Thrilling wins such as the “Hobnail Boot,” “70-X Takeoff,” “The Celebration,” “Man Enough,” and the “Blackout” have made Georgia football relevant in the national conversation again. Until the last two years, Georgia under Mark Richt was feared in true road games. Big wins in tough places to play like Tuscaloosa, Knoxville, Clemson, Baton Rouge, and Auburn became commonplace. The Bulldog Nation expected to go on the road and win because of the demeanor and the quiet confidence of Coach Richt and the Georgia coaching staff.
Coach Richt has done all of this the right way. He doesn’t bend the rules by oversigning and “gray-shirting.” He doesn’t take scholarships away from players who don’t pan out to free up a scholarship for a high school kid. He doesn’t appear to recruit negatively against his competition and sells Georgia for its academic and athletic benefits. He gives a scholarship or two to walk-ons who have made a difference on their own dime for the program. Most importantly, he carries himself like a gentleman and lives his Christian faith on and off the field. If I had a son with five-star talent, I would want him to play for Coach Richt.
The Prosecution’s Case
While the first half of the decade and the 2nd half of 2007 were special, the Georgia program has shown cracks in its foundation since late 2005. The beginning of the downward turn in the program was January 1, 2006 in a game I will always call the “Debacle in the Dome.” The 2005 SEC champions lose what amounts to a home game in the Georgia Dome in the Sugar Bowl to West Virginia. My dad said that night on the way back to the hotel that Willie Martinez should be fired for the way the defense played that night. I had seen Mark Richt-coached teams lose games they should have won and be beaten in games where we were outplayed, but never had I seen a team that looked completely unprepared and fundamentally unsound. In 2006, we lost to Vanderbilt at home, and the last time that happened was in 1994 when I completely lost confidence in Ray Goff’s ability to turn the program around. In 2007, we looked clueless on offense against South Carolina and made Erik Ainge look like Peyton Manning in Knoxville before we made the end of season run culminating in the annihilation of Hawaii in the Sugar Bowl. In 2008, after starting the season ranked #1 for the first time in the program’s history, we lost three marquee games on national television and haven’t been the same since. In 2009, we win 8 games again but fall woefully short of expectations with a bowl trip to Shreveport thrown in for good measure. In 2010, with a favorable schedule, we find ourselves needing a win against the North Avenue Trade School to be bowl-eligible. The lid that was knocked off in 2002 appears to be screwed back on tightly again.

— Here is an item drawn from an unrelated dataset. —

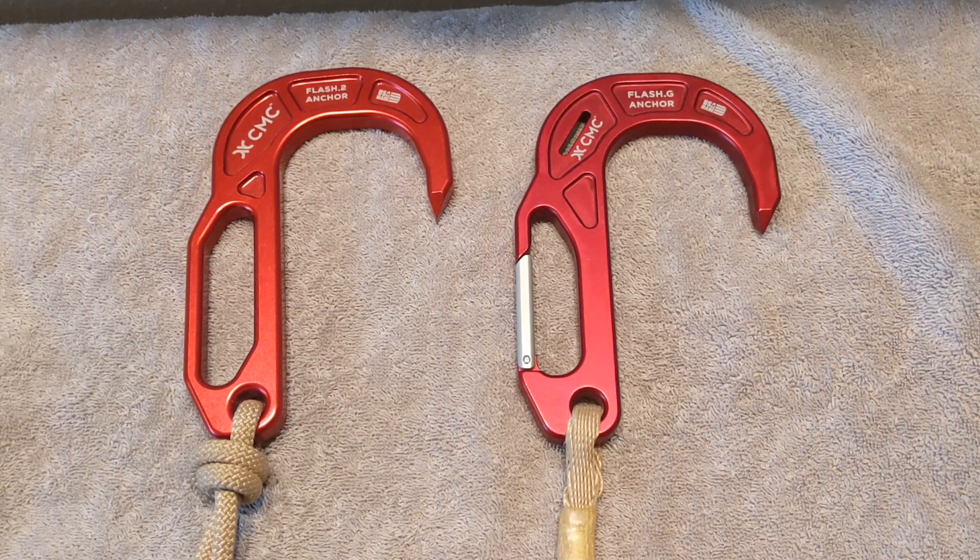Hello everyone, this is Dale Peckel again. In this video I want to take you through the differences between the two types of escape system anchor hooks that are offered by CMC Rope Rescue.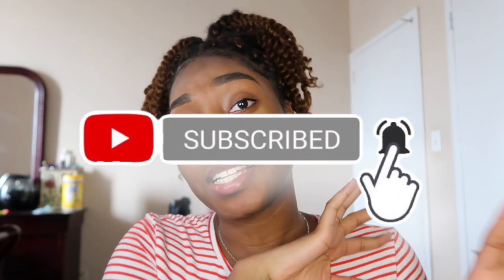Hey guys, there you have it! I know they're probably looking kind of thick, but like I said before, once I get my eyebrows threaded they would look so much better and wouldn't be this thick. Thanks for watching — don't forget to like, comment, share, and subscribe, and turn on that post notification bell so you can be notified anytime I drop a new video!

While no one has consistently beaten Florida over the last 20 years, Coach Richt’s 2-8 record against Florida is frankly abysmal. We have lost to them when we have had the better team (2002, 2003 & 2010), when we have had bad luck (2005), when we have been evenly matched (2001 & 2006), and when we have been taken to the woodshed (2008 & 2009). We beat them barely in 2004 after Jeremy Foley ended the Ron Zook experiment the week before and handled them in 2007 when we got in their heads. We have every advantage they do with talent base, facilities, and academics with a better tradition. At a minimum, Coach Richt should be 5-5 against the Gators in his career, and this record is the primary reason he is feeling the heat.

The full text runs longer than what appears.